Say you are holding Bitcoin and think it's going to the moon. You tie up your Bitcoin as collateral and take out a loan of roughly 75% of its value, in DAI. Then you spend that DAI to buy more Bitcoins. Now you are exposed to Bitcoin's price movements on two ends: the BTC you bought with your loan, and the BTC you put up as collateral. If Bitcoin's DAI price goes up by more than the interest rate on the loan, you can sell and have more than enough to repay the loan. The extra is pure profit and plus your collateral grew in value in the meantime too, so you're a winner on both fronts.

On the other hand, if Bitcoin's price goes down by too much and you can't repay the loan, your collateral could be liquidated and become property of the lender. You lose everything.

Color me surprised that the amazing decentralized finance, the future of banking, etc. is... yet another way to speculate on "number go up".

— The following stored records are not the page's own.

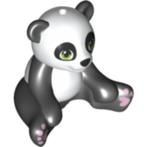 lego panda beer met groene ogen (2), Kinderen en Baby's, Speelgoed | Duplo en Lego, Ophalen of Verzenden, Nieuw, Losse stenen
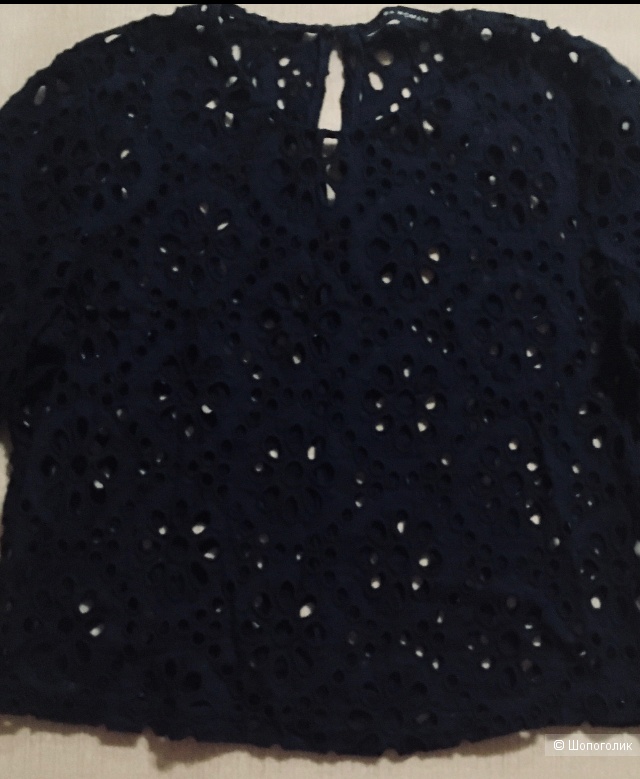Кружевной топ / блуза ришелье Zara размер S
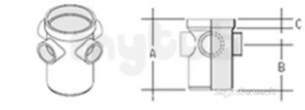 Marley Underground -  110mm Gully Inlet R/piece 4 Boss Uw401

DAI is mostly minted from ETH, at a rate of $150 collateral to $100 DAI. https://daistats.com/#/. The $200m DAI minted from WBTC represents 0.02% of Bitcoin's market cap.
Is what I outlined still basically correct in terms of describing the utility of an overcollateralized loan? That is: Use crypto for collateral to borrow stablecoins, to buy more crypto, to make profit (hopefully exceeding loan interest) when the crypto price goes up.

Or do I have that all wrong? I really am not sure that I grok how this works, at all. I'm trying to figure out what is going on in this space and you seem to know a lot more about it than I do. I couldn't figure out another good reason to use an overcollateralized loan but it's clearly something people are interested in and using as a selling point for DeFi.

What actually happens if the borrower defaults on the loan? Do they "just" lose their collateral, or can they be held to account for the DAI somehow too?

If what you are saying is true then this is literally the housing crisis with variable rate loans and a collapsing market putting everybody underwater. If the value of the item used as collateral sinks then you go from fine to broke in an instant.
The total being used as collateral can be seen here https://defipulse.com/defi-lending, and https://nexostatistics.com/loans/. A small proportion of market cap, and these loans have low loan to value ratios - typically 20%; no-one wants to risk liquidation.
Incidentally, it is my hope that once laws change the collateral can be any type of asset, not only digital assets. The collateral could also be some sort of tokenized reputation issued by a collective, whom have decided you are worthy of credit. Perhaps they are affiliated with your employer or have enough knowledge to assess the stability of your income due to their knowledge of your skillset. The lenders would then be paid by them, by proxy - allowing those capable of assessing risk, and those with sufficient funds to lend, to be distinct. Incidentally, this is all bleeding edge, let's see what is actually built and what works with all this new possibility.
To avoid triggering the taxes (and in many cases, never paying them).